L'unica risposta al grido angosciato dell'uomo sofferente può venire, secondo Moltmann, dal «Dio crocifisso» perché «la persona che in questa sofferenza grida verso Dio, in fondo si pone in sintonia con il grido di morte del Cristo agonizzante, del Figlio di Dio».61 Chi soffre, infatti, allo stesso modo del Cristo in croce, soffre in quanto ama perché se non fosse capace di amare, nemmeno se stesso, diventerebbe indifferente a tutto e non soffrirebbe più, per cui l'uomo non accetta la sofferenza, propria e altrui, perché ama.

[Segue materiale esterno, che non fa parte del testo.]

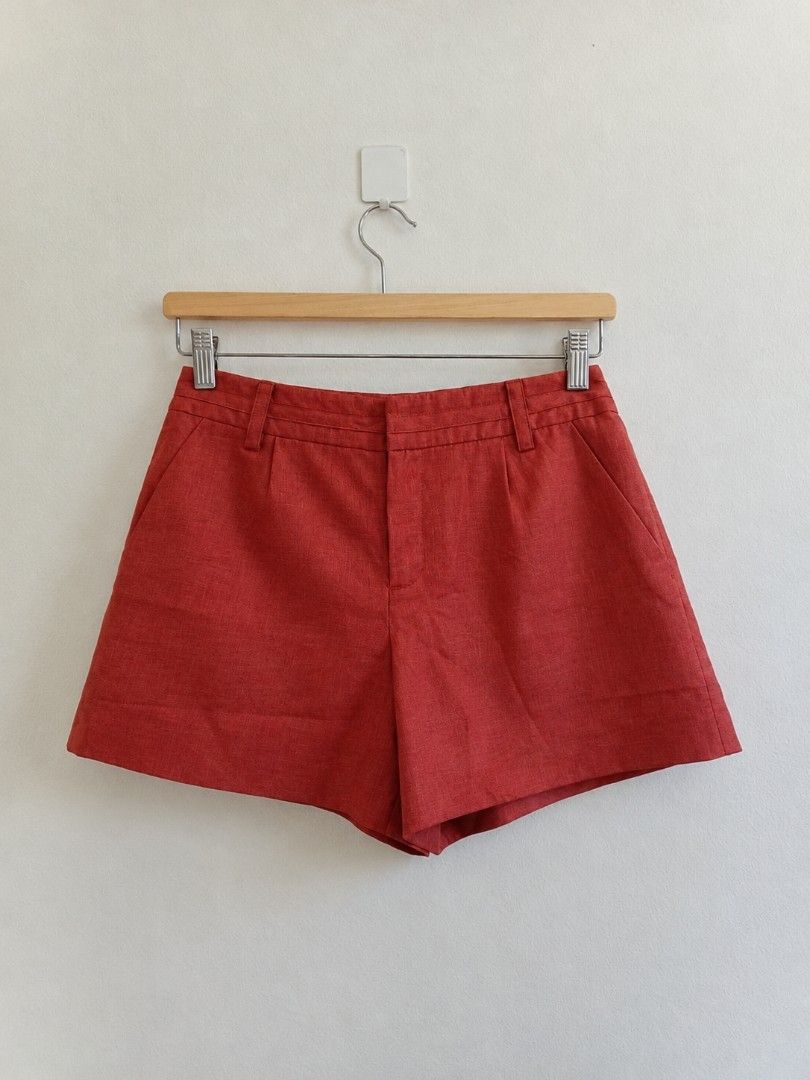 Tailored Shorts | Size - 29 | Length - 13 | (Category: Shorts) located in Manila. Submitted by maxinesotto (Listing ID 1469696780, Image 2). Description: ‎📢 ₱99 ‎📍 Location: Tayuman, Manila ‎ ‎Details: ‎✓ Condition: Good as new ‎✓ RFS: Decluttering ‎✓ Size: Indicated in the listing title ‎ ‎Payment: GCash (Payment first) ‎ ‎Delivery: ‎- Same day pick-up via Lalamove / Joyride / Angkas ‎ ‎First to pay, first to get the item. ‎No reservations. ‎A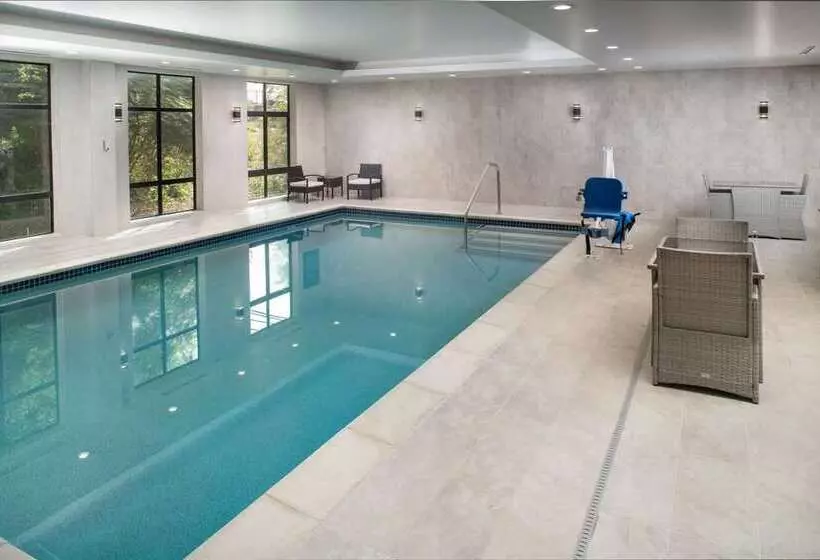 هتل Homewood Suites By Hilton Ann Arbor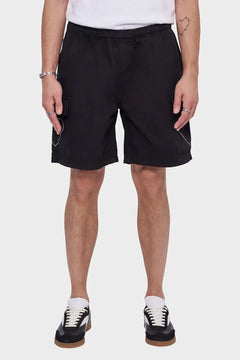 Czarne szorty cargo męskie z kieszeniami, białe detale, styl streetwear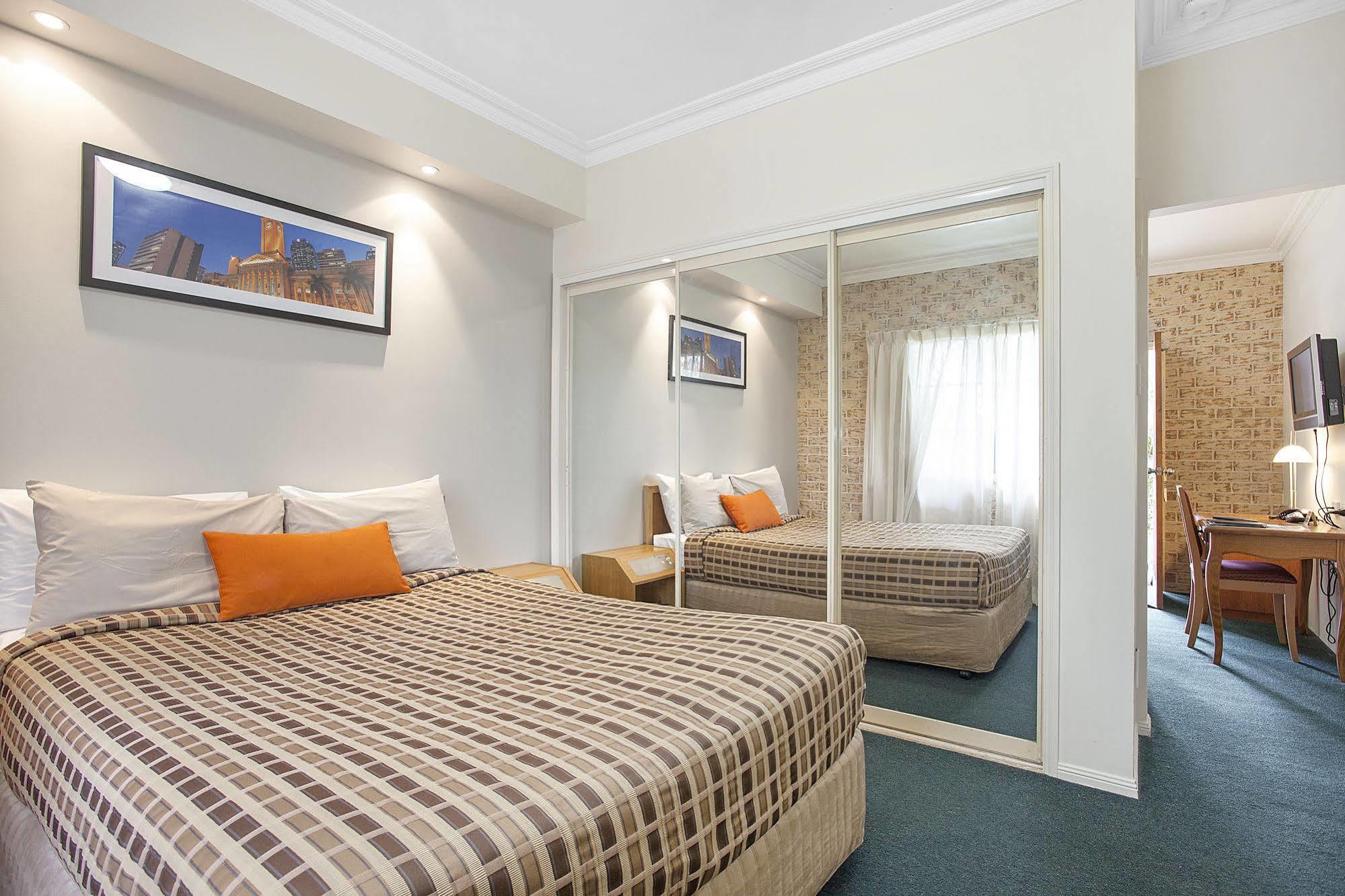 Coopers Colonial Motel Brisbane Exteriör bild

L'avvenimento del «Dio crocifisso» è in grado di dare una risposta al grido di dolore dell'innocente «perché in questa «morte di Dio» l'amore ha ucciso la morte».62 Nell'evento della croce, infatti, Dio stesso ha fatto proprie la sofferenza e la morte, esse sono diventate componenti della sua vita e quindi colui che ama, e amando sperimenta la sofferenza, «si inserisce nella storia del Dio umano»63 e in questo modo sperimenta la vittoria di Cristo sulla morte poiché «quando soffriamo perché amiamo è Dio stesso che soffre in noi»64 dato che, attraverso l'abbandono di Cristo sulla croce, tutti gli uomini abbandonati sono entrati a far parte della storia divina.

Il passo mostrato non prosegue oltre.